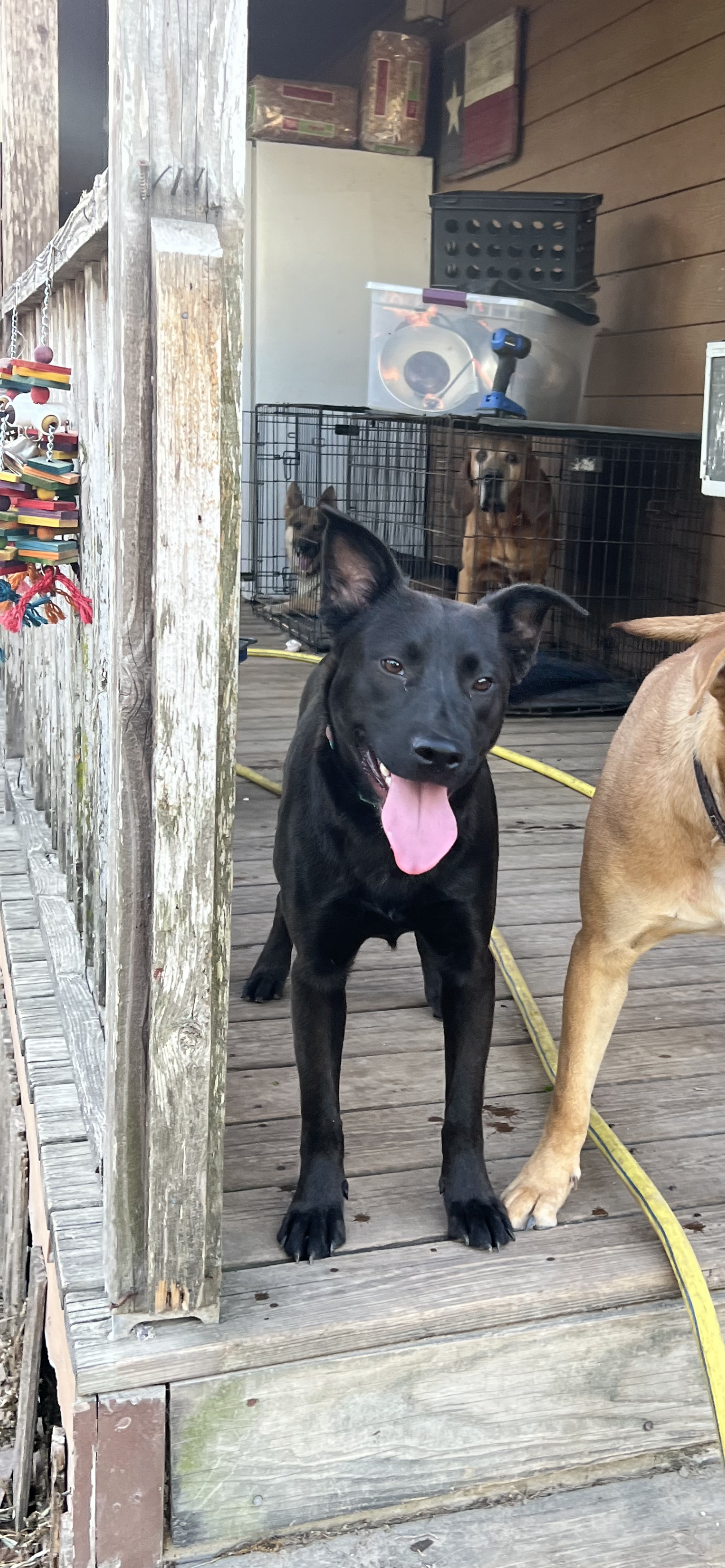 adoptable Dog in Spring, TX named Smoothie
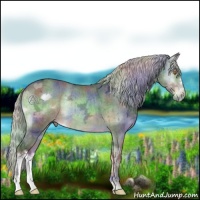 Horse Color:Nacre Silver Brown Chinchilla Ice Onyx 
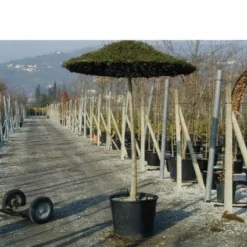 Liguster Als Dakboom (Ligustrum Delavayanum )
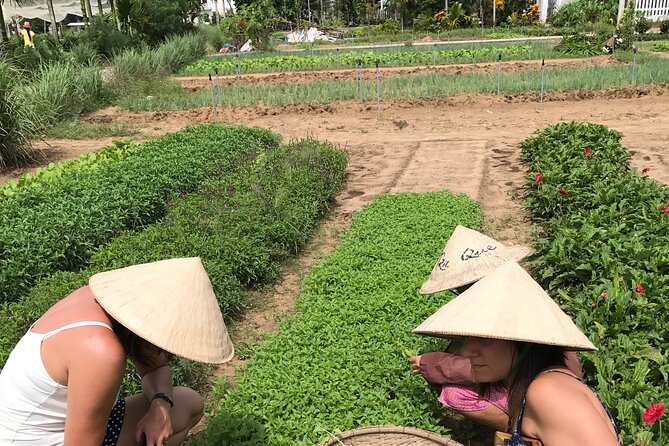 Tra Que Village Cycling And Farming - Making traditional rice paper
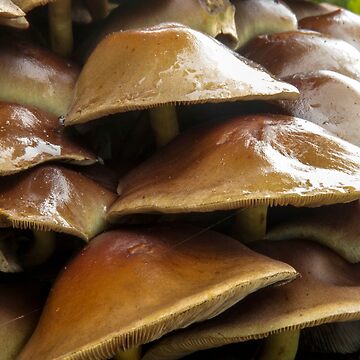 Artwork thumbnail, Wet Toadstools by neandercol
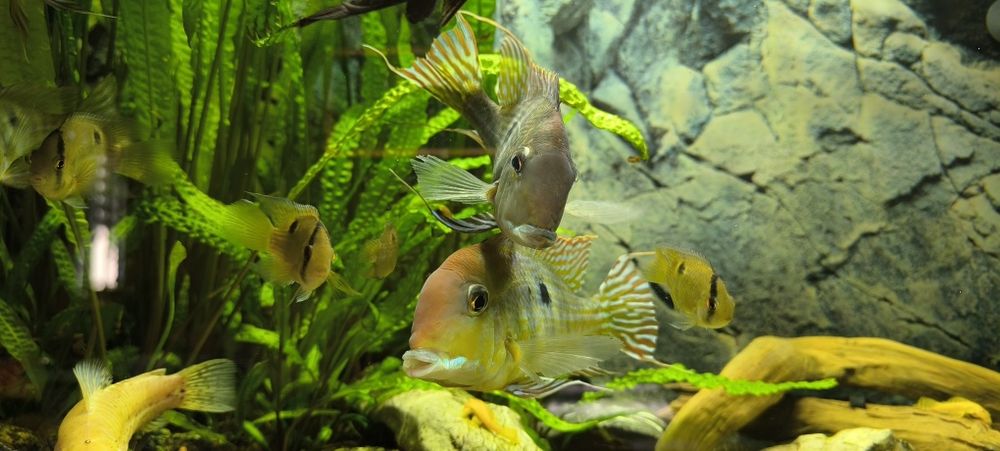 Ziemiojad Red head tapajos 5 szt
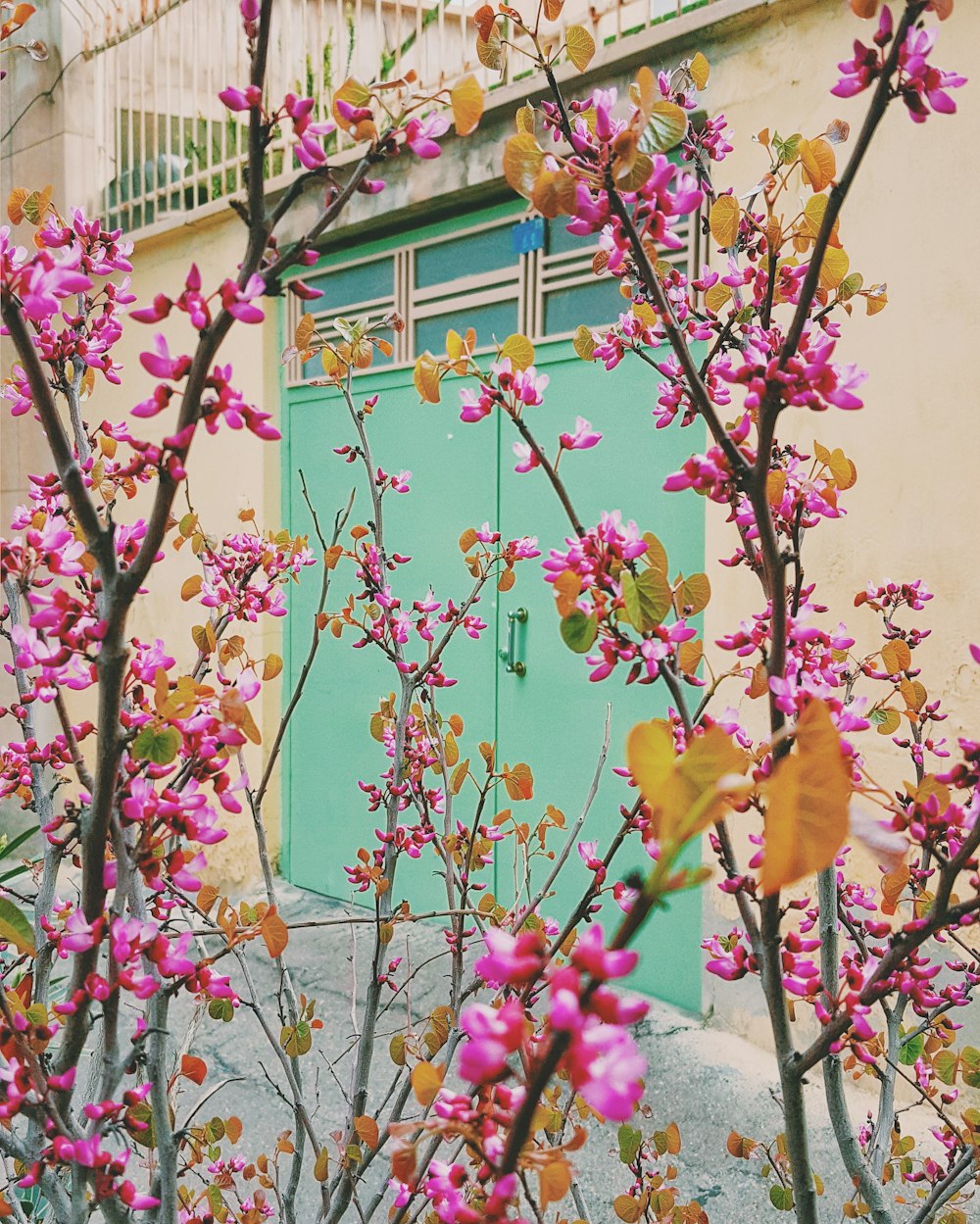 pink petaled flowers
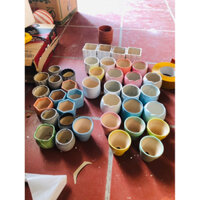 Giá rẻ vô địch - Combo 14 chậu trồng sen đá vỉ , sen đá mini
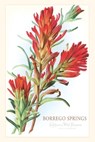 Vintage Journal Borrego Springs, Wildflowers - Found Image Press - 9781648117848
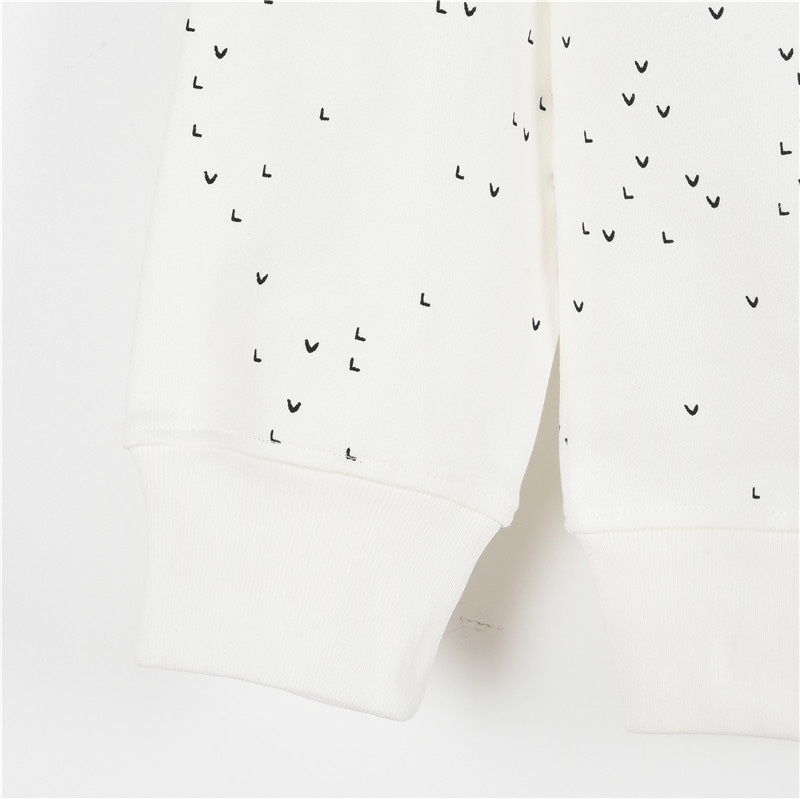 Louis Vuitton / ルイ・ヴィトン 24Fw グラデーション小飛行機柄プリントの丸首パーカー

_DIRECTIONS_
Nothing but the lines from the one containing "Giá rẻ vô địch" through the end of the entries should be written out, exactly and without pictures.

_OUTPUT FOR THIS TASK_
 Giá rẻ vô địch - Combo 14 chậu trồng sen đá vỉ , sen đá mini
 Vintage Journal Borrego Springs, Wildflowers - Found Image Press - 9781648117848
 Louis Vuitton / ルイ・ヴィトン 24Fw グラデーション小飛行機柄プリントの丸首パーカー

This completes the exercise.